• **Input data**:
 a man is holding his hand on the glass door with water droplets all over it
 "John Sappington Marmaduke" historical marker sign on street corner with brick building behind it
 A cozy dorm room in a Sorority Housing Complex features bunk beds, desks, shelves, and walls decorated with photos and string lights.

...

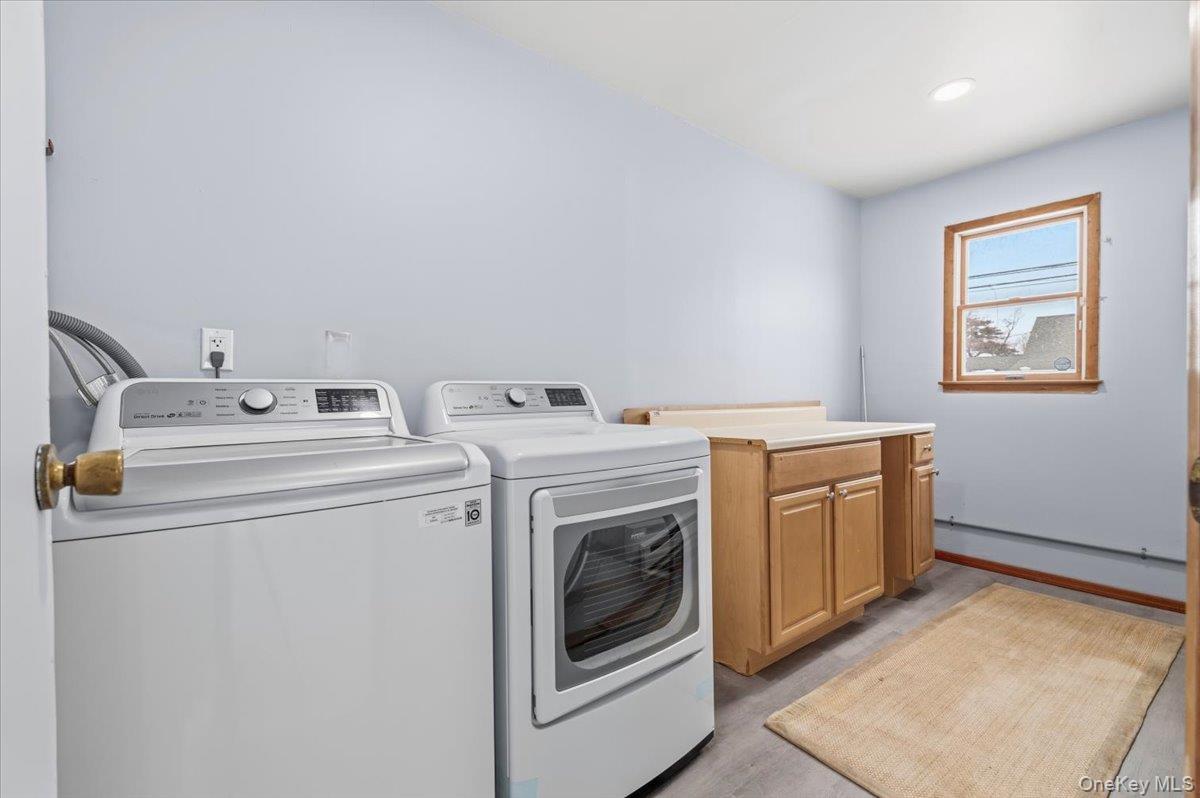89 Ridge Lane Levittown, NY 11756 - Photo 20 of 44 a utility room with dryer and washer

• **Problem**:
The required answer is the run of lines above, starting at the line with "building behind it" and ending at the line with "A cozy dorm", reproduced exactly with both ends.

• **Problem solution**:
 "John Sappington Marmaduke" historical marker sign on street corner with brick building behind it
 A cozy dorm room in a Sorority Housing Complex features bunk beds, desks, shelves, and walls decorated with photos and string lights.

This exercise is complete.